» **Data items**:
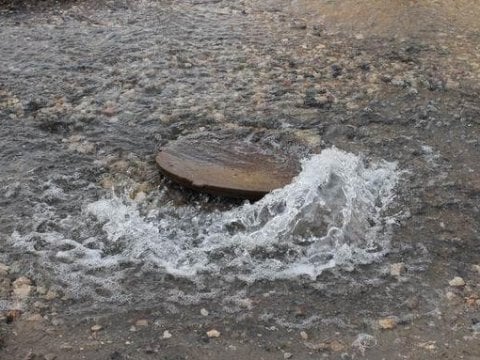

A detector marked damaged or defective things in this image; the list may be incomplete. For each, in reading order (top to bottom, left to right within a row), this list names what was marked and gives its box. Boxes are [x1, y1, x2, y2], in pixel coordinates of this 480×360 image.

rusty metal lid [156, 137, 298, 201]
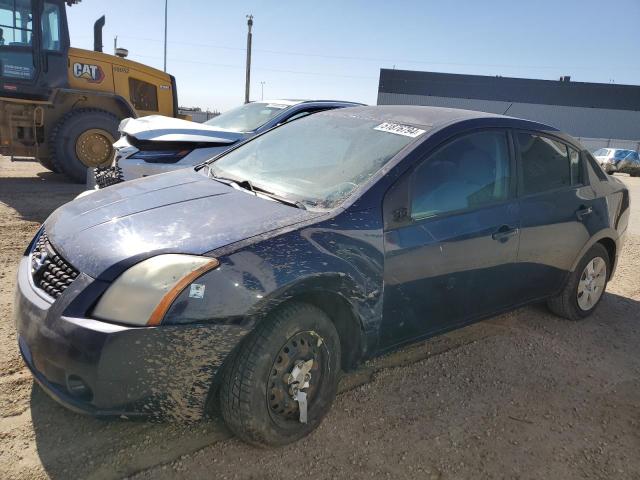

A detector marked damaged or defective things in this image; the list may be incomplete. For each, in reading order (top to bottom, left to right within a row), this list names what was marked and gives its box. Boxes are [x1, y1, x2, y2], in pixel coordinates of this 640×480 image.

damaged white car hood [119, 115, 244, 144]
damaged front bumper [15, 256, 250, 418]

» **ACTIVITY**:
Set down exactly the lines beginning at the one that holds "this 640×480 image." and ending with the last line of the data.

» **EXERCISE SOLUTION**:
A detector marked damaged or defective things in this image; the list may be incomplete. For each, in reading order (top to bottom, left to right within a row), this list names what was marked and gives its box. Boxes are [x1, y1, x2, y2], in pixel coordinates of this 640×480 image.

damaged white car hood [119, 115, 244, 144]
damaged front bumper [15, 256, 250, 418]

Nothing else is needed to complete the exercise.